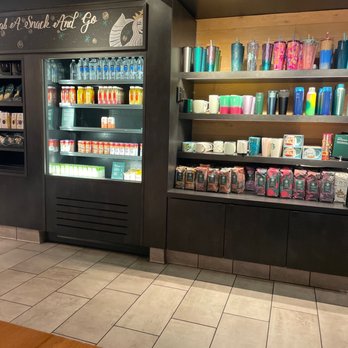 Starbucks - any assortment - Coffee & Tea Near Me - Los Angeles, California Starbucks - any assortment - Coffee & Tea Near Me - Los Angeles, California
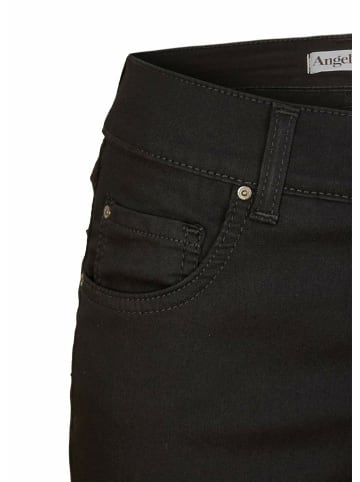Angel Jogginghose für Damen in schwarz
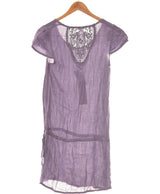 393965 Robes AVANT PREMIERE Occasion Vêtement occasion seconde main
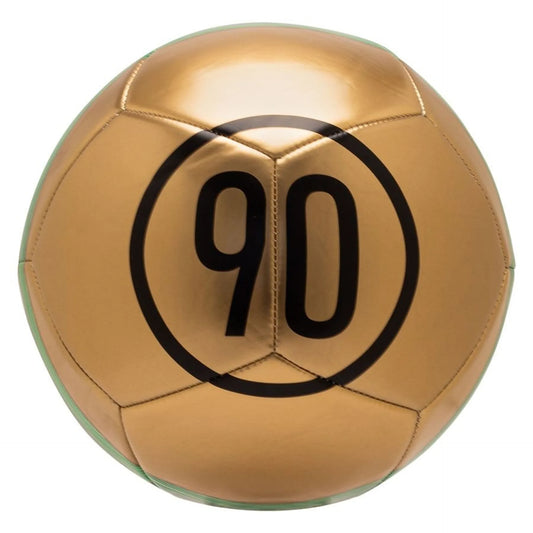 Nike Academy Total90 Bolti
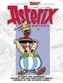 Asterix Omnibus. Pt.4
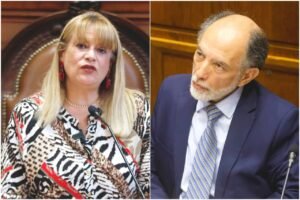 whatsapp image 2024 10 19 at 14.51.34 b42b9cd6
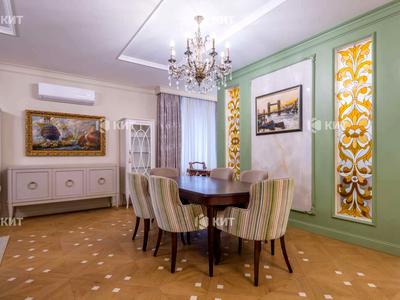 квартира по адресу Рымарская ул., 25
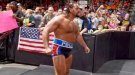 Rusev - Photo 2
==============================
# Task prompt:
Leave the pictures out, and copy exactly each line from the one containing "Asterix Omnibus. Pt.4" through the final line of the data.

# Response area:
 Asterix Omnibus. Pt.4
 whatsapp image 2024 10 19 at 14.51.34 b42b9cd6
 квартира по адресу Рымарская ул., 25
 Rusev - Photo 2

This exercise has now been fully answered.